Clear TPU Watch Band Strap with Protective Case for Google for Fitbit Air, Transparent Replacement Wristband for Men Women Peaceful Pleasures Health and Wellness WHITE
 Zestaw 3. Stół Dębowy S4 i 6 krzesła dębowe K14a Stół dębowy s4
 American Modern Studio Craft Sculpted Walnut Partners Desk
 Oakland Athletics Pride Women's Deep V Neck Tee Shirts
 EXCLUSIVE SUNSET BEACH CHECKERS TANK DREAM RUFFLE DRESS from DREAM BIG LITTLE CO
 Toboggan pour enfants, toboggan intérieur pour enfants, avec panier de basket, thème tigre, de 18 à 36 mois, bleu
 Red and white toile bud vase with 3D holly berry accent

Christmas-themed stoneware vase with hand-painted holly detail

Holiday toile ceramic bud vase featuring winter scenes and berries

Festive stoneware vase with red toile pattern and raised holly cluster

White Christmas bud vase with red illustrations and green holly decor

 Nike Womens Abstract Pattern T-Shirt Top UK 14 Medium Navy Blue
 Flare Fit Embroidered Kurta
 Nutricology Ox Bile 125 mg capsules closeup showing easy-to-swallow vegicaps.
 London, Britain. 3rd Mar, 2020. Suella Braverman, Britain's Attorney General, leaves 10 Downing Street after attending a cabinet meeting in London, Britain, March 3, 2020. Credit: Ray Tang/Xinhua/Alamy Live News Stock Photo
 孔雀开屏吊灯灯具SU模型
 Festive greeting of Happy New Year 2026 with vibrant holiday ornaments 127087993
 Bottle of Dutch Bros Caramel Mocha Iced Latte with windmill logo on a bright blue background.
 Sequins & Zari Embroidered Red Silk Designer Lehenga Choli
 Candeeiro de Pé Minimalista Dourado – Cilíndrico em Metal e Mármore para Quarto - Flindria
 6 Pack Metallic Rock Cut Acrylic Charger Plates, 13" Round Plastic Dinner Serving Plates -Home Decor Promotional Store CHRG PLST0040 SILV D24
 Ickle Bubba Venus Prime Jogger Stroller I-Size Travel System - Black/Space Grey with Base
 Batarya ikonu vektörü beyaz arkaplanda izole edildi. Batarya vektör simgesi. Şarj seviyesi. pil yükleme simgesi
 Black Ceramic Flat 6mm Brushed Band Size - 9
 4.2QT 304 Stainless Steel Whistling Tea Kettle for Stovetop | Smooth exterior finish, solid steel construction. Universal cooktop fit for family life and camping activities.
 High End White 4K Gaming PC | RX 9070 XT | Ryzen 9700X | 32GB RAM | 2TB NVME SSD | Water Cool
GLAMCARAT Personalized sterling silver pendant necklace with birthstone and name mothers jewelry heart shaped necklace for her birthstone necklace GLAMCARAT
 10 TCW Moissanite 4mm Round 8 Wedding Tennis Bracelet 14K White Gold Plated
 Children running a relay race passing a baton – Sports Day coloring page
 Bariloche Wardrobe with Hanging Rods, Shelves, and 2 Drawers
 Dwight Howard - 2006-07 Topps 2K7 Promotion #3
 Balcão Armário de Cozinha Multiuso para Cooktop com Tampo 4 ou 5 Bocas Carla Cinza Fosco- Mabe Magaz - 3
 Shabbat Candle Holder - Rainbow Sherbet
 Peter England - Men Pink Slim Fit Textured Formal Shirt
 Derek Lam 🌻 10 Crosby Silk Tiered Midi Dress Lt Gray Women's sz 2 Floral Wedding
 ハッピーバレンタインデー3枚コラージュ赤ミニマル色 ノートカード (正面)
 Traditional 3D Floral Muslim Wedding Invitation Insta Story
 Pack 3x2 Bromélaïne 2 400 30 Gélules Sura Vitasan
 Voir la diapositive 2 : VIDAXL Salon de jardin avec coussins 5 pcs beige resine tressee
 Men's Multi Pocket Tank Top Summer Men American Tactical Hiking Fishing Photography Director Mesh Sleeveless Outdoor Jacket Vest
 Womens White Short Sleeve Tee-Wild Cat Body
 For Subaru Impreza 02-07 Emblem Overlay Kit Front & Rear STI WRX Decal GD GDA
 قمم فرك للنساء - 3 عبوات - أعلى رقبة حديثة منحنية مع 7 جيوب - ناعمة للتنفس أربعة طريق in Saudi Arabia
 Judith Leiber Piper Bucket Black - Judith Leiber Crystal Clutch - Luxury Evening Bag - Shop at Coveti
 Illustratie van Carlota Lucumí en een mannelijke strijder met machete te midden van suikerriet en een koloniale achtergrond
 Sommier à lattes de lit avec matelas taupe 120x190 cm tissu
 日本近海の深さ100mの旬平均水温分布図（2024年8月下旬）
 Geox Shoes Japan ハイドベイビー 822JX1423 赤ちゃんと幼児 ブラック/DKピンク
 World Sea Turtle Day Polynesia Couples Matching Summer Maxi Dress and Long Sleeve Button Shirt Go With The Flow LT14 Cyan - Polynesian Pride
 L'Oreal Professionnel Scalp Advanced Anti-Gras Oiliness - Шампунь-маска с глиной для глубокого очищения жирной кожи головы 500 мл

════════════════

What needs to be done => Select all lines in the listing above where the word "stoneware" appears, and show them.

Solution to the exercise =>
Christmas-themed stoneware vase with hand-painted holly detail
Festive stoneware vase with red toile pattern and raised holly cluster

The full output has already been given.